When the War ended, the word got around to all. Some of the slaves didn't have sense enough to know what it was all about, but they joined in with the others, shouting "Free, at Last! Free as a frog." They jumped and hollowed and carried on something terrible. The boys in blue came by to excite them more. We stayed there, like heap of them did, for a many a year after the War. Then we moved off to another place near by but that wasn't the same, as the old home place. Seemed like we couldn't be contented no where else, so we moved back. After a number of years they changed overseers and for some reason my Grandma couldn't get along with him so we left. I never did give up till I had to, 'cause I wanted to stay. Didn't have no trouble with the Ku Klux Klan, the Night Riders or nothing. The Reconstruction came and went but it didn't bother us none. In certain places the colored folks voted, and I has heared of them holding public office as high up as the Senate. None of them don't vote now. I 'speck they ain't got money enough to pay their taxes.

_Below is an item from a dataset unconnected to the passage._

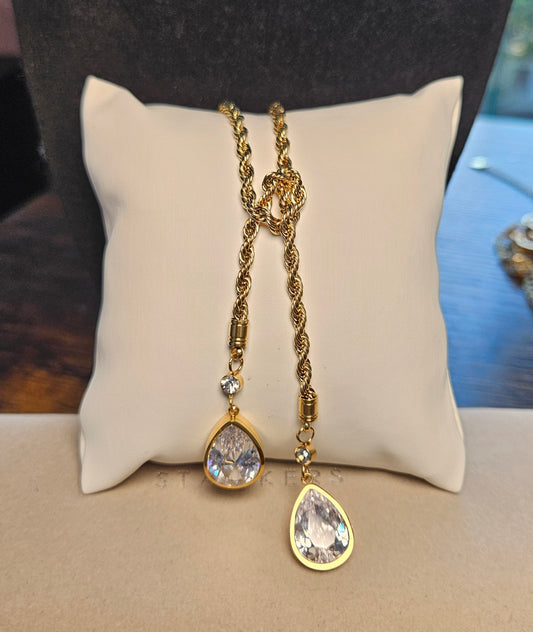 Collier 2 gouttes cristal  et noeud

After we left the old homeplace we moved to Greenville and there I lived for forty years. I worked by the day at the oil mill and ran a public dray wagon. Schools were started up for negroes. White teachers taught till the colored could learn to master the old Blue Back speller. When you get all there is, in that book its just the same as mastering the Bible. When I married my first wife, Linie, we was both dressed up in the best we had. Didn't get no special clothes for the occasion. We had four children. Two boys and two girls. Two of them is still living. The girl Carrie Belle is in Chicago, and the boy has been the cook in a restaurant in Clarksdale for years and years. I moved to Coahoma County in the year 1910. After my first wife died, I married Betsy and we is still living together. I am able to work a little yet. Up to this year Betsy could pick cotton, but she ain't no 'count now 'cept to do our little cooking. She can't remember 'bout all the noted men like I can. There is Abraham Lincoln, he was talked of much, 'cause he set us all free, and Jefferson Davis, he was a great man. He done his part for what he thought was right. He didn't think they had a right to take the slaves away from their owners, when they had done bought them. Some of the colored people thinks there ain't nobody like Booker T. Washington. I hears them talk about him, but for my part, I don't know nothing about his displays.

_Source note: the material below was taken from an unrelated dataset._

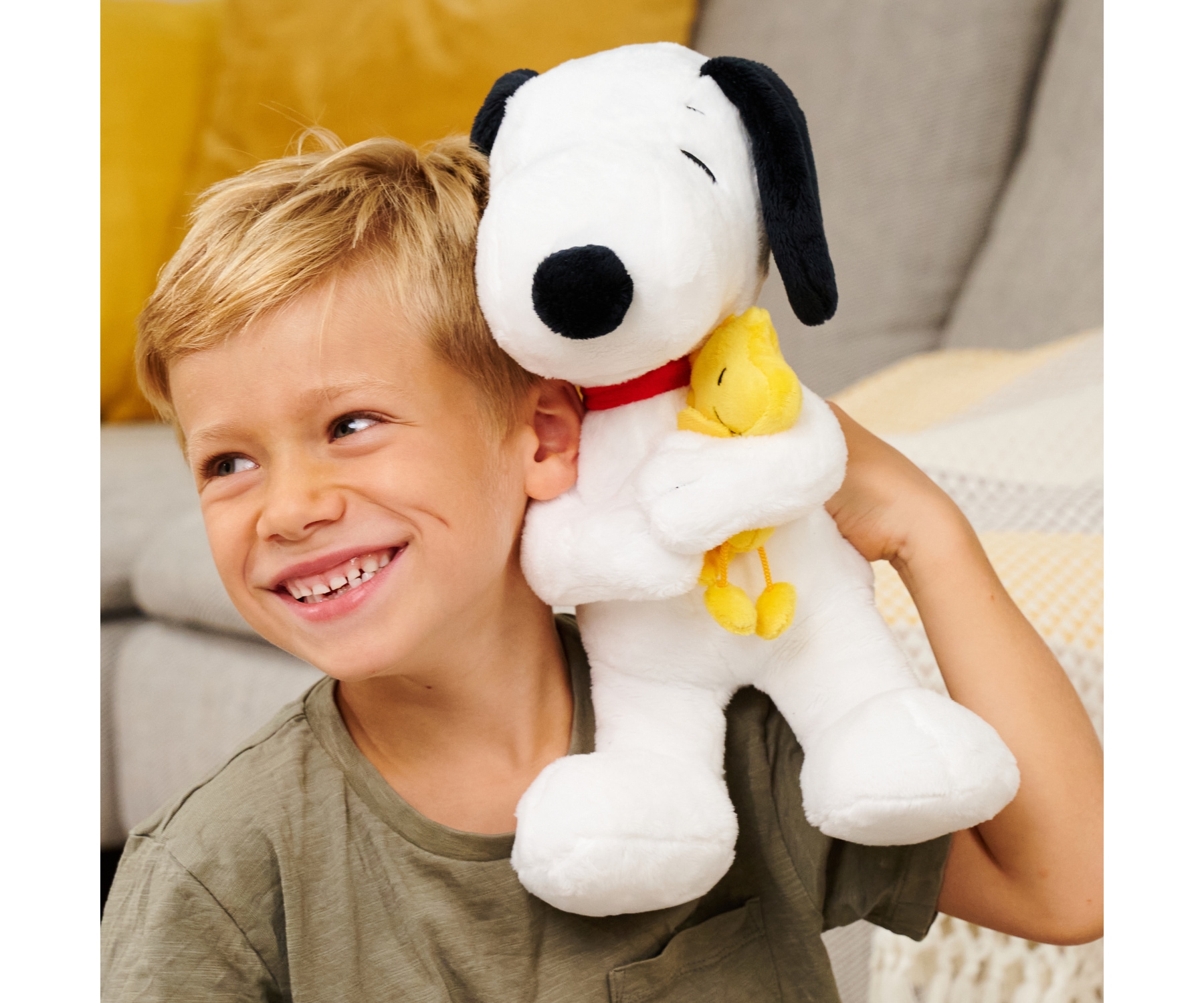 SIMBA Plüschfigur »Peanuts - Snoopy sitzend mit Woodstock«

Nobody is raising their children up right these days. They got no manners. Don't come around the old folks, so fraid they will be asked to do something. Their mothers not much better. Don't come to the door to ask about us if we sick. Me and my wife lives to be honest and righteous. We is both members of the Baptist Church and we don't visit none, 'sept the ones that lives as we does. Its hard pulling to make a living these days. Even with the little money the Government gives me, its hard to get by. Things is so high, money won't buy much. You just handles it; thats all.

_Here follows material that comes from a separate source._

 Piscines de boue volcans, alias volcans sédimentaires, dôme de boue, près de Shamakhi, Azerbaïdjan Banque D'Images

Everybody wants to be free and they should be. I don't believe its right to live in bondage, but I do say it bold and above board that the slaves with good masters like mine was a heap better off. Folks all say that's 'ceitful on my part, but it couldn't be, 'cause I wasn't old enough to know nothing about being 'ceitful. I can remember having every thing I wanted and it takes a long time to get used to not having nothing.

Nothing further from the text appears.